Furthermore, Grandmother and Step-Grandmother are entitled to share in the partition where there is a partition between her grandson upon the demise of his father (who is her son). Again, here partition occurs between her son and a son or sons of her other son who predeceased her, an equal share to that of his grandsons in this scenario shall be hers.

Finally, where partition occurs between her grandsons and their father being her son, she is entitled to a share which (according to some schools of thought) shall be in equal proportion with that of her grandsons.

Where there is a widow(s) to a coparcener, where one is vested with the right of survivorship over the property to which their late husband is a coparcener to, the said right has an absolute right to partition thereby severing their joint ownership of the property.

Modes Of Effecting Partition

  1. By testamentary distribution/instrument (Will)
  2. By conduct
  3. By Agreement
  4. By Notice
  5. By Arbitration
  6. By Apostasy
  7. The marriage of a coparcener under the Special Marriage Act
  8. By proceedings in the Court of law
  9. By renunciation
  10. By the sale of any of the coparcener to another
  11. By any other conduct

The Attitude of the Court towards the Inheritance Rights of Women Under the Hindu Succession Act as Amended in 2005: The Case of Danamma v. Amar (2018).

Facts of the Case

In 2002, the two daughters of Mr Gurulingappa Savadi who died intestate petitioned the court to enforce their inheritance right pursuant to the provisions of the Hindu Succession Act of 2005. The trial court and subsequently the High Court sitting in Karnataka dismissed their case relying on the fact that their birth and the suit pre-dated the Hindu Succession Act as amended in 2005. The petitioners dissatisfied with the decisions of the courts below approached the Supreme court of India by a Civil Appeal.

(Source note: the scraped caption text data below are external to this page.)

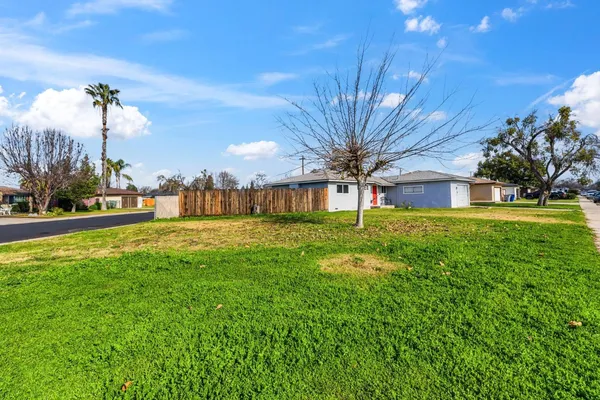 $372,000 | 647 West Dennis Drive, Clovis, CA 93612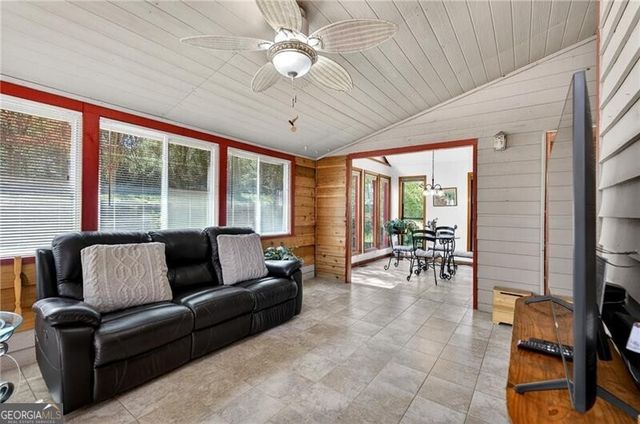 120 Farm Track, Roswell, GA 30075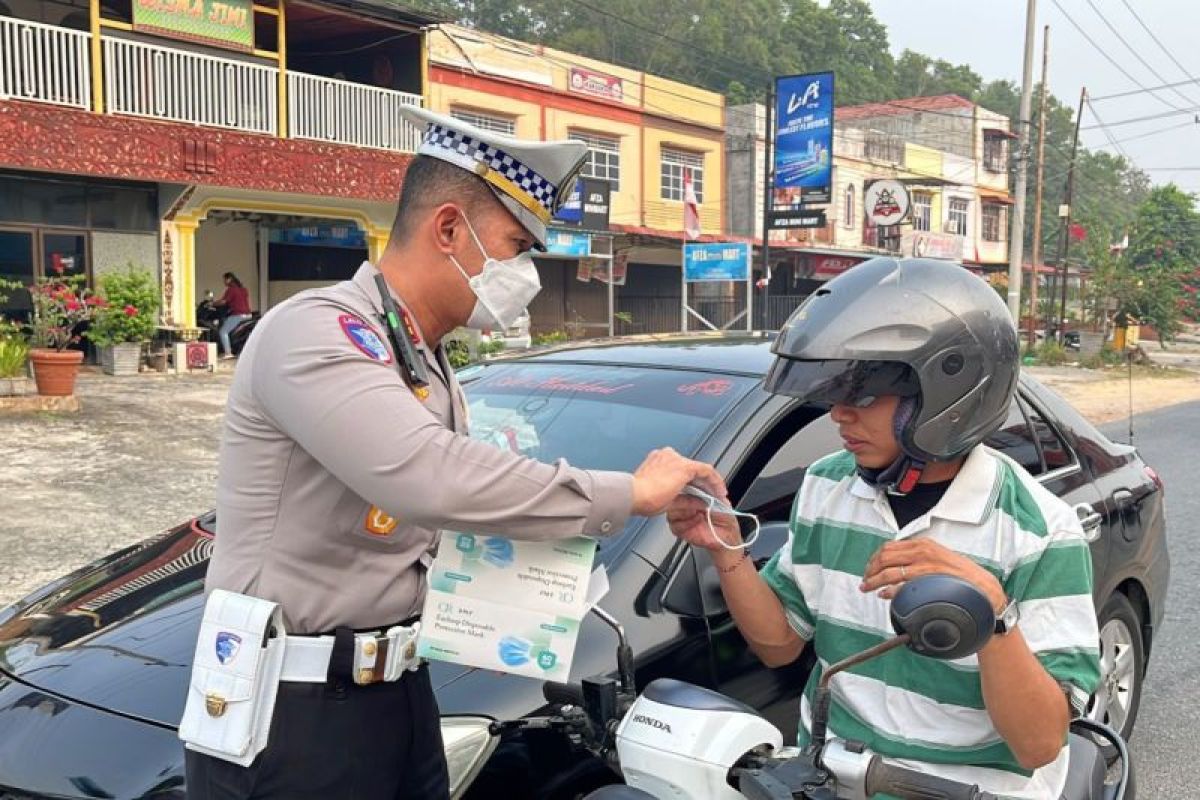 Polres Bintan bagikan 1.000 masker ke pengendara di tengah kabut asap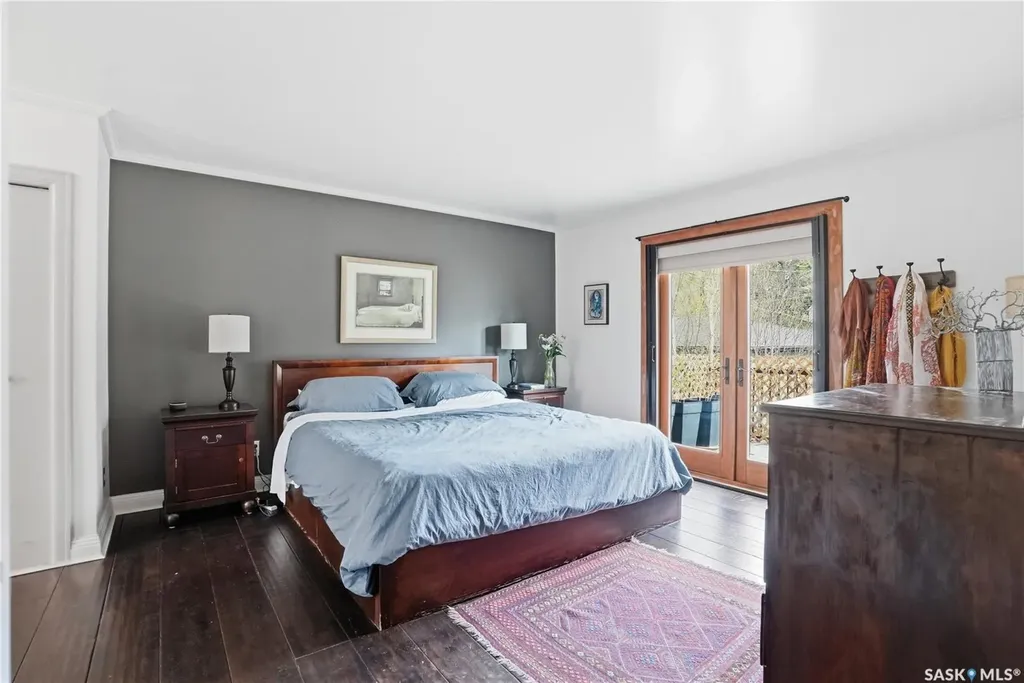 208 Saskatchewan Crescent W Saskatoon SK S7M 0A5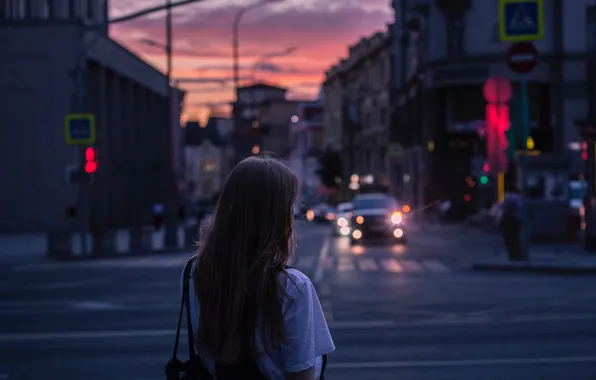 Лето, девушка, машины, город, улица, вечер, длинные волосы, спиной
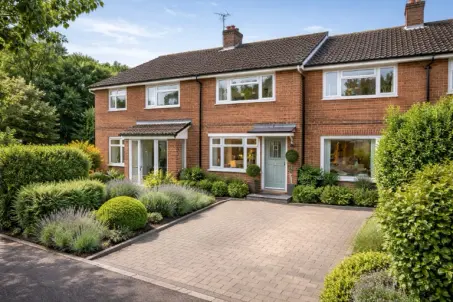 Terraced house near the Pantiles with loft room for flexible use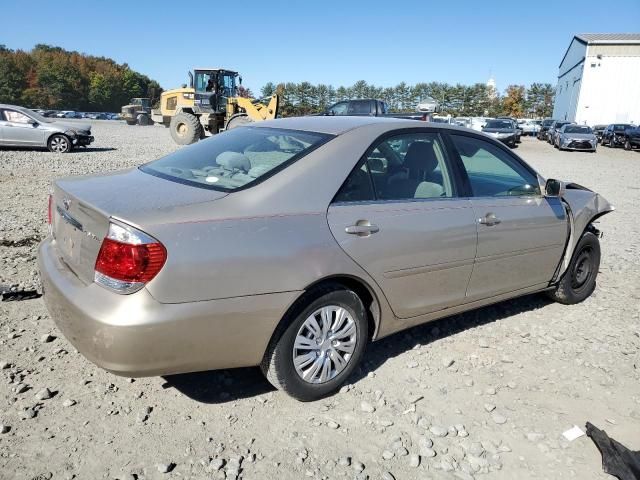 2005 Toyota Camry LE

The question of law which was put forward for the supreme court to determine was “whether by being born before 2005, the appellants are disentitled to a share in their deceased father’s estate contrary to the dictates of Hindu Succession Act of 2005 as amended?”  And in the alternative, the appellants asked the Supreme Court “whether or not they are coparceners by virtue of the provisions of Section 6 of the HAS 1956 as Amendment in 2005?”


The Supreme Court after entertaining arguments from the Appellants and the Respondents considered the provisions of Section 6 Supra and held as follows:

  1. The decision of the court below i.e the High Court of Karnataka was set aside as same was reached in error of law.
  2. The Supreme Court held in consonance with Section 6 of the HAS 2005 that daughters are entitled to in the ancestral property and this right cannot be derogated upon because she was born before the 2005 Amendment.
  3. The court further held that the amendment of 2005 applies retrospectively hence applicable to all suits bothering on partition and distribution of estates filed and pending as at 2005.
  4. The Supreme court further posited that the intention behind the amendment of the HSA in 2005 was to accord women (daughters) equality with their brothers in succession and allied matters.



The judgement of the Supreme Court is generally perceived as what laid to rest the age-long controversy surrounding the inheritance rights of women. It is vital to state that the decision of the Supreme Court merely re-echoed the provisions of the HSA 2005, Section 6 thereof.

It is observed that it took quite long for the Courts to give the true meaning of Section 6 of HSA 2005. On the other hand, the decision of the Supreme Court has been criticised for the retrospective effect accorded to the HAS 2005 since the Act did not expressly provide for such. It is pertinent to observe that the decision of the Supreme Court further enforced the right to equality of both sexes as enshrined in the  Constitution.